3) The queue.  The place where we see most of the "clogging" clearly
   seems to be the uucp spool directory itself.  The mechanism of
   having three files for each message to be mailed provides good
   generality (i.e. mail is but a special case of a very general
   inter-machine mechanism) but is costly in time and space.  However,
   we don't really want to toss out the generality either!  My suggestion
   would be to define a new "channel" for mail/netnews which still uses
   the conventional packet driver.  At first, since there would be
   some compatibility issues, I would propose that the new channel
   only be used for netnews between cooperating sites.  As more sites
   started running the appropriate versions of uucico/uuxqt, the channel
   could be used for mail as well.  The old channel would still exist
   as a fallback in all cases.

   The easiest way to set this up would be to define the new channel
   as an "alternative" to the normal "g" channel that we now use.
   Perhaps calling this a new channel is a bit deceptive.  What I really
   want to do is establish a new mail/netnews delivery scheme that uses
   only one or two files (instead of the current three) for delivery 
   of a single message.  Sites would indicate their ability to handle
   the procedure by negotiating to use the "new channel" (perhaps "m"?)
   instead of "g".  Channel "m" would still use the ordinary packet
   driver and still transfer files in the conventional manner -- all the
   "m" indicates is that the sites have agreed to use the new mail
   delivery mechanism.
 
   There are a number of manners in which the new delivery mechanism could
   function.  One of the most obvious is to include the addressing
   information for the message in the body of the data file *of* the message.
   This information would be stripped from the message before final 
   delivery.  For example, something like:

   *TO-USER: ihnp4!vortex!lauren
   From seymour DateTime remote from foosite
   ...


   In this case, the "*TO-USER" line (or whatever we'd call it)
   contains the addressing information which would normally be 
   contained in the "X.foo" file for mail delivery.
   
   As I suggested above, netnews would probably be implemented first:

   *TO-PROGRAM: rnews
   From...

   If a site accepted a uucico connection using the "m" protocol, it 
   would be saying that its uuxqt was ready and willing to handle
   messages in this sort of format, as an alternative to the "g" format.
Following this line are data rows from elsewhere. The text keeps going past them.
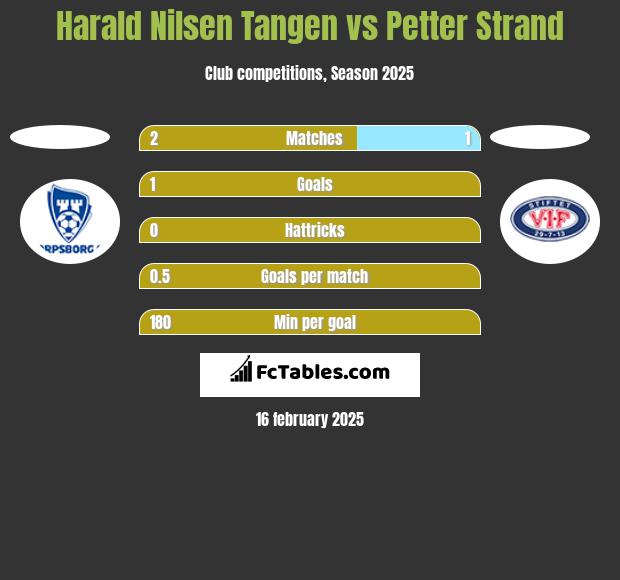 Harald Nilsen Tangen vs Petter Strand h2h player stats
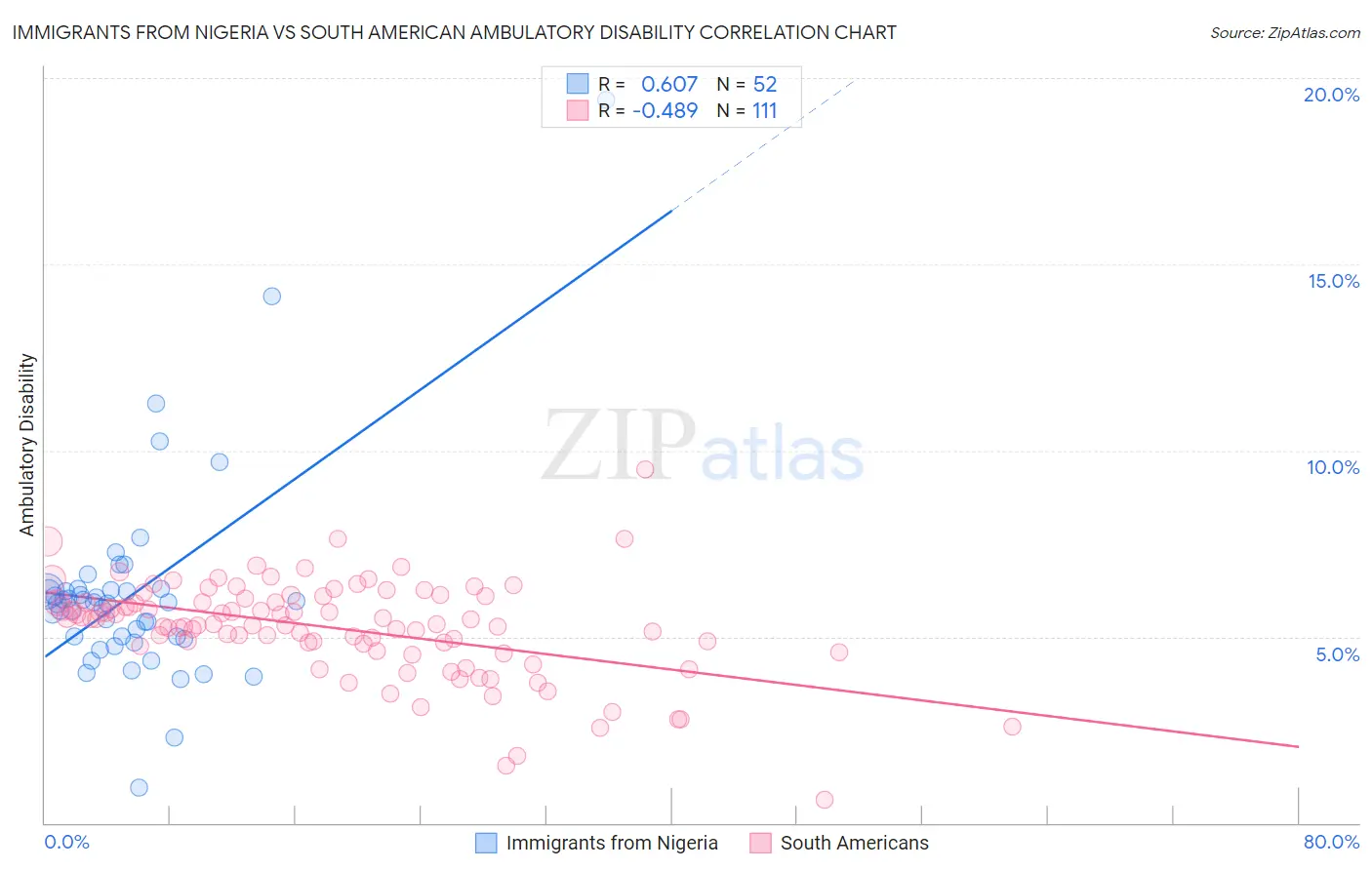 Immigrants from Nigeria vs South American Ambulatory Disability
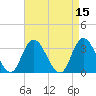 Tide chart for Townsend Sound, New Jersey on 2022/04/15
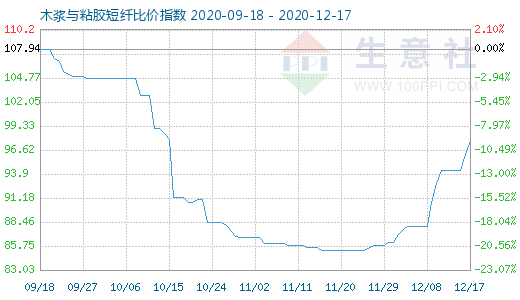 12月17日木漿與粘膠短纖比價指數(shù)圖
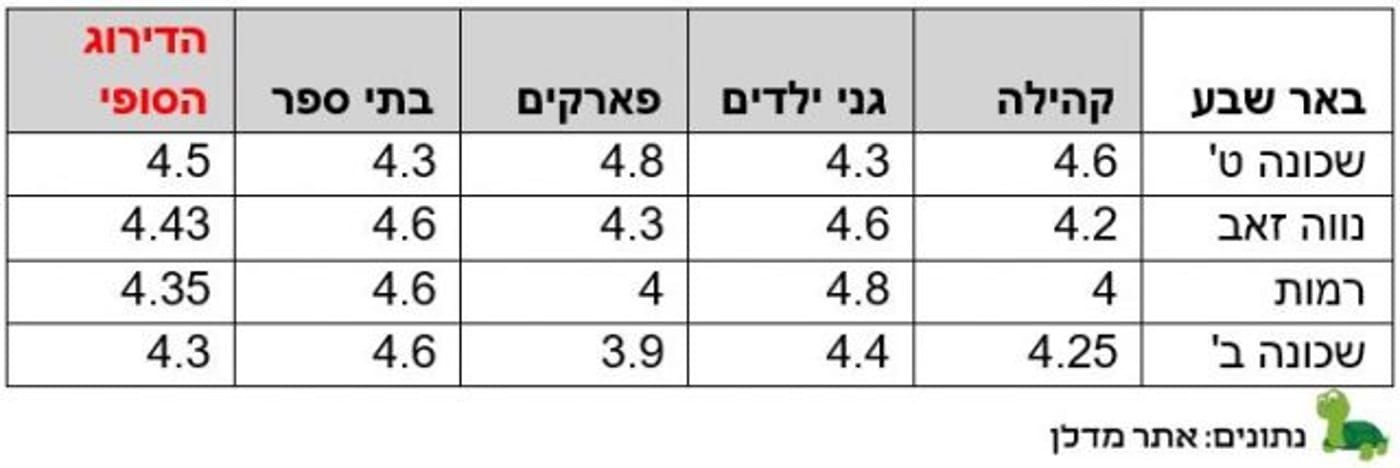 השכונות המומלצות ביותר למשפחות צעירות בערים הגדולות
   This new technique involves the use of two files (the C. and D.) files
   in the sending system's spool dir, and the transfer of one file (D.) to
   the remote system.  With considerably more work, it would be possible
   to reduce the number of files in the sending spool dir to one, but I'm not
   sure that this would really be worth the effort involved.

   To avoid confusion, it might well be advisable to store the mail
   data file, under the new format, as something other than a typical
   D. file -- Perhaps M. or something similar would be suitable.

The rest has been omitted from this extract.